The whole listing, pictures aside, should be reproduced exactly.

> **Recorded information**
------------------------------------
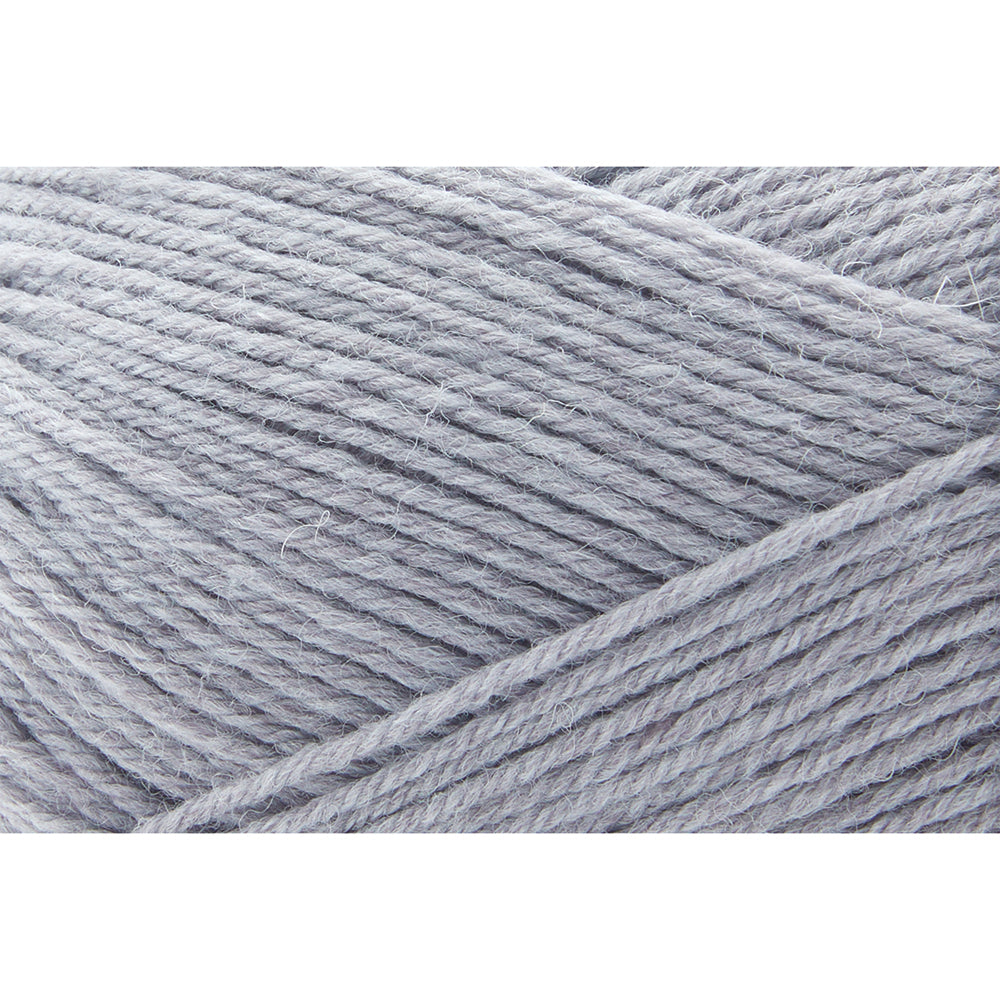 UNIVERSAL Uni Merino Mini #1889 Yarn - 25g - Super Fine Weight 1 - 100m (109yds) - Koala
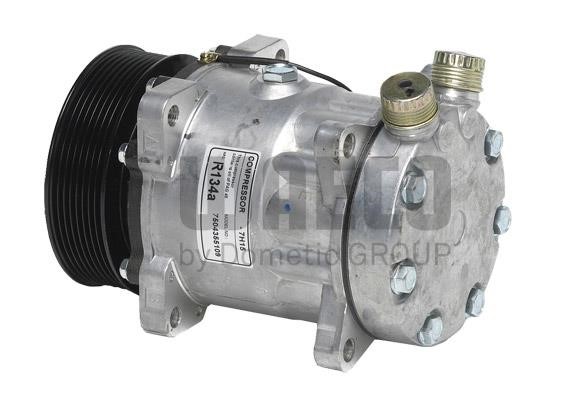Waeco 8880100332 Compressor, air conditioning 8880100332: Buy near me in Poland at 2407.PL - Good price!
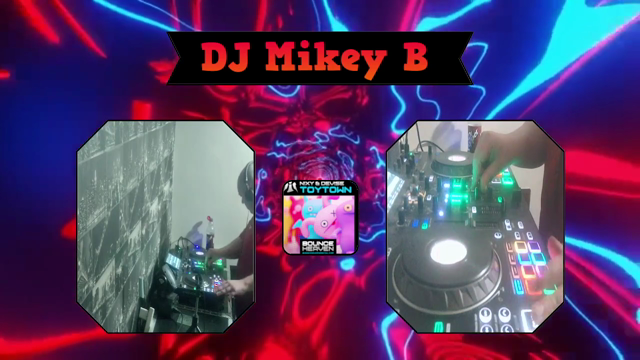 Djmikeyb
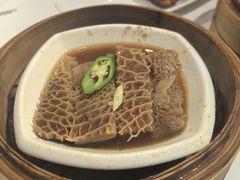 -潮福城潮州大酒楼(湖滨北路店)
------------------------------------
> **Expected answer**
 UNIVERSAL Uni Merino Mini #1889 Yarn - 25g - Super Fine Weight 1 - 100m (109yds) - Koala
Waeco 8880100332 Compressor, air conditioning 8880100332: Buy near me in Poland at 2407.PL - Good price!
 Djmikeyb
 -潮福城潮州大酒楼(湖滨北路店)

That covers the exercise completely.